The year started off with the choice of staying a Web Developer with LLRIB or apply for a teaching job in Hall Lake, my old home reserve. At that point in my life, I had worked as a web developer for nearly 14 years. I decided to give teaching a try after discussing it with my family.
It was nice to be back home in Hall Lake. I knew most of the people from 14 years before, but I did not know who the children were. I worked for Recreation in the 1990s and many of the kids I worked with, had their own kids. I could see many similarities in the children and could sometimes easily guess who their parents or grandparents were.
The familiar faces were all adults now, and I now had to learn new names, something I was never good at. I am glad to say, that I am getting close to fully reacquainting with all the people from my hometown.
This website would continue to be updated because it is my personal website and I finance and maintain it on my dime and time. I enjoy sharing my knowledge and displaying my tech skills. It has been a big year for the website in terms of visitor and viewer growth. Financially, not so much. The last time I received any remuneration, was June 2019: One-hundred dollars. I stand to make another $100 this month. It is all from the ads you see on the website. So, the website, while it brings pleasure and expression of my knowledge and abilities, it is not making me rich.
While the website would continue, the stability of my employment at the time, was about to be very disrupted. I would go from sitting quietly in my office, pressing buttons and collaborating with leaders and directors, to managing a classroom full of 10- and 11-year-old’s, who ask me: “When is it lunch?”
It has been very challenging. Much of my time is spent trying to manage my classroom, but it has gotten easier.
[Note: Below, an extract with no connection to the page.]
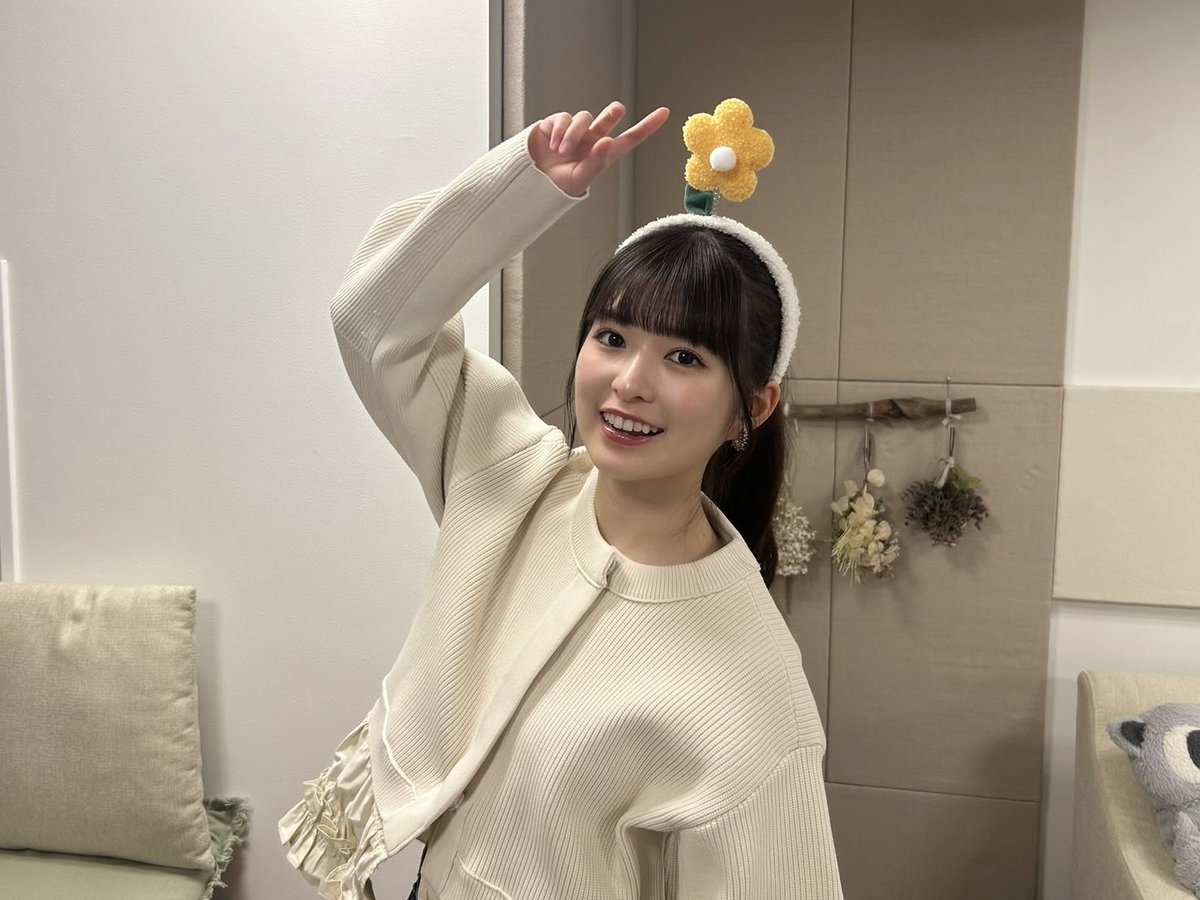 乃木坂46 tweet media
The students have warmed up to me and seem to enjoy my short lectures. It is such a joy when a student has a “EUREKA!” moment. I will be explaining and explaining and suddenly, their eyes will light up when they understand. They go quickly go back to their desk all eager to complete their work. It can be awesome. Not once, has a computer or website given me such a feeling of accomplishment.
I will continue teaching until the end of June 2020, at Sally Ross School, and then, who knows. I will see how it goes.
Around 1982, when my parents moved us from La Ronge to Hall Lake, our house and area was a new place to explore for this 8-year-old at the time. There were many trees near and around the house and nipāpā – my father spend days cutting trees down and digging out the tree stumps. I was too small to help with that, but I did haul what scraps I could. I wish I had pictures I could show.
There was a mistik – tree, that caught my eye earlier on because it stood out among the mītosak – popular trees behind the house, it was an ithināhtik – black spruce. I immediately noticed the tree had long branches at the bottom and made a natural umbrella, my sisters and I ran to this tree to get away from the rain many times.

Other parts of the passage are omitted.